Kemudian, ia mengatakan, ancaman tidak terpenuhinya hasil pertanian nasional baik dari segi produksi maupun kualitas akibat perubahan iklim semakin meningkat, jikalau petugas POPT tidak mencukupi di lapangan.
"Di Provinsi Jabar, sebagian besar petugas POPT merupakan petugas Non ASN atau honorer, yang mana sudah muncul SE dari Kemenpan RB RI terkait harus dihapuskannya non ASN pada tahun 2023," imbuhnya.

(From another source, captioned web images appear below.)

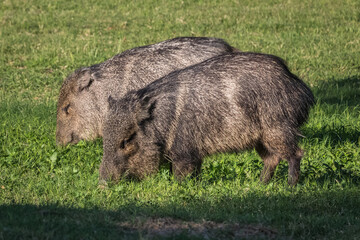 Javelina, Pecari tajacu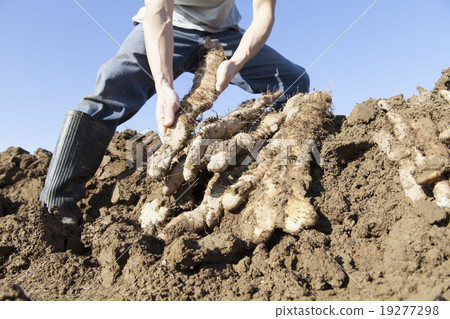 山藥豐收 山藥豐收 19277298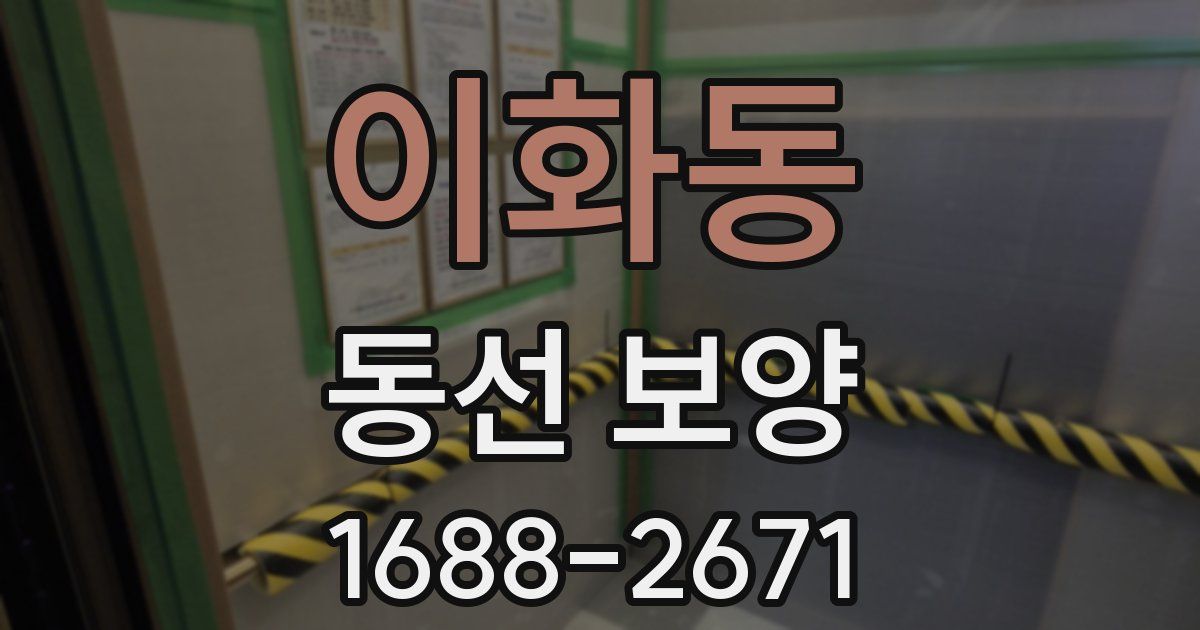 이화동 동선 보양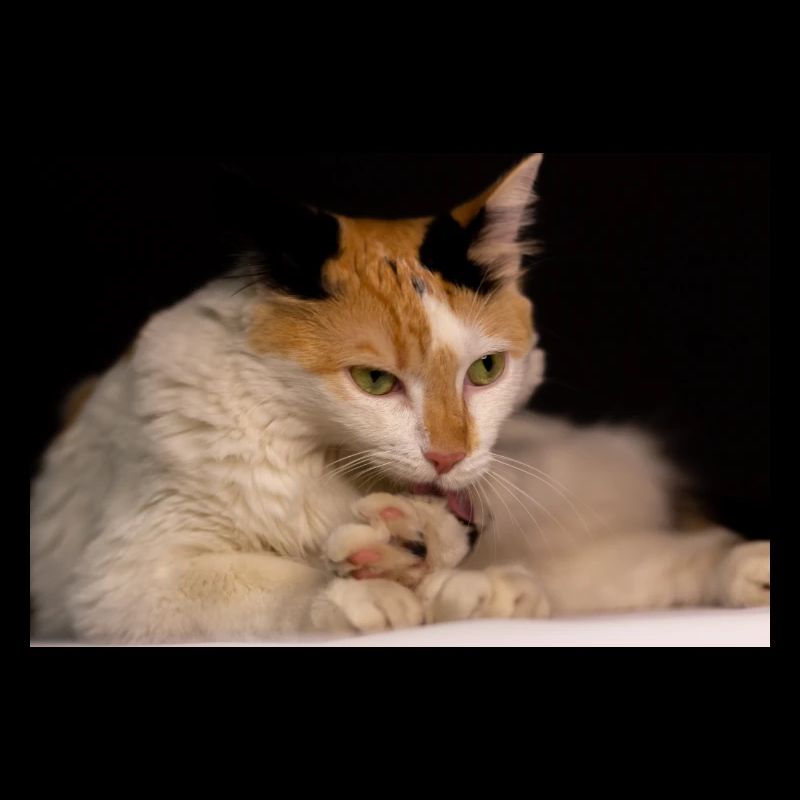 Die Katze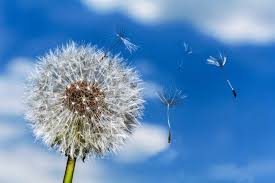 Image result for bilder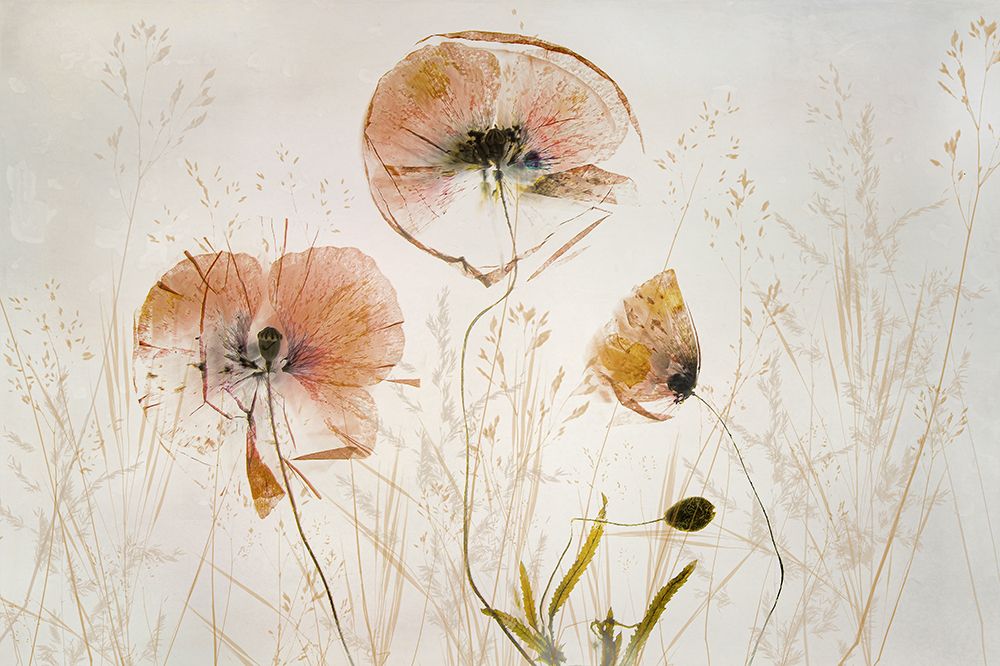 Light And Soft art print by Nel Talen for $57.95 CAD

Menurutnya, bersasarkan Peraturan Menteri Pertanian Nomor : 80/Permentan/OT.140/12/2012 tentang Pedoman Formasi Jabatan Fungsional Pengendali Organisme Pengganggu Tumbuhan, minimal petugas POPT di lapangan terisi oleh satu orang petugas, atau dengan kata lain minimal ada 627 petugas POPT di lapangan.
"Faktanya jumlah petugas POPT hanya akan tersisa 70 orang ASN di Jawa Barat apabila non ASN ditiadakan. Jumlah ini tentu sangat jauh dari kondisi ideal yang disyaratkan peraturan tersebut," tutur Dimas.
Ia menyebutkan, pada tahun 2023 mendatang, kekurangan petugas POPT mencapai 557 orang, yang mana dapat diisi oleh tenaga POPT yang sudah berpengalaman di lapangan serta memiliki kapasitas keilmuan di bidang mitigasi dan pengendalian OPT.
"Tenaga non ASN POPT Jabar memiliki pengalaman hampir 10 tahun dan telah di jejali pengetahuan serta keahlian pada berbagai pelatihan oleh pemerintah. Hal ini merupakan aset berharga yang tidak boleh hilang dalam menjaga Produk Domestik Regional Bruto (PDRB) pangan serta ketahanan pangan yang berdaulat di Indonesia," terangnya.
Terakhir, pihaknya mewakili khusus untuk seluruh petugas POPT Kabupaten Garut, mengharapkan petugas non ASN POPT di Jabar agar tidak dirumahkan terkait SE Kemenpan RB RI dan dialih statuskan untuk menjadi ASN ditahun 2023.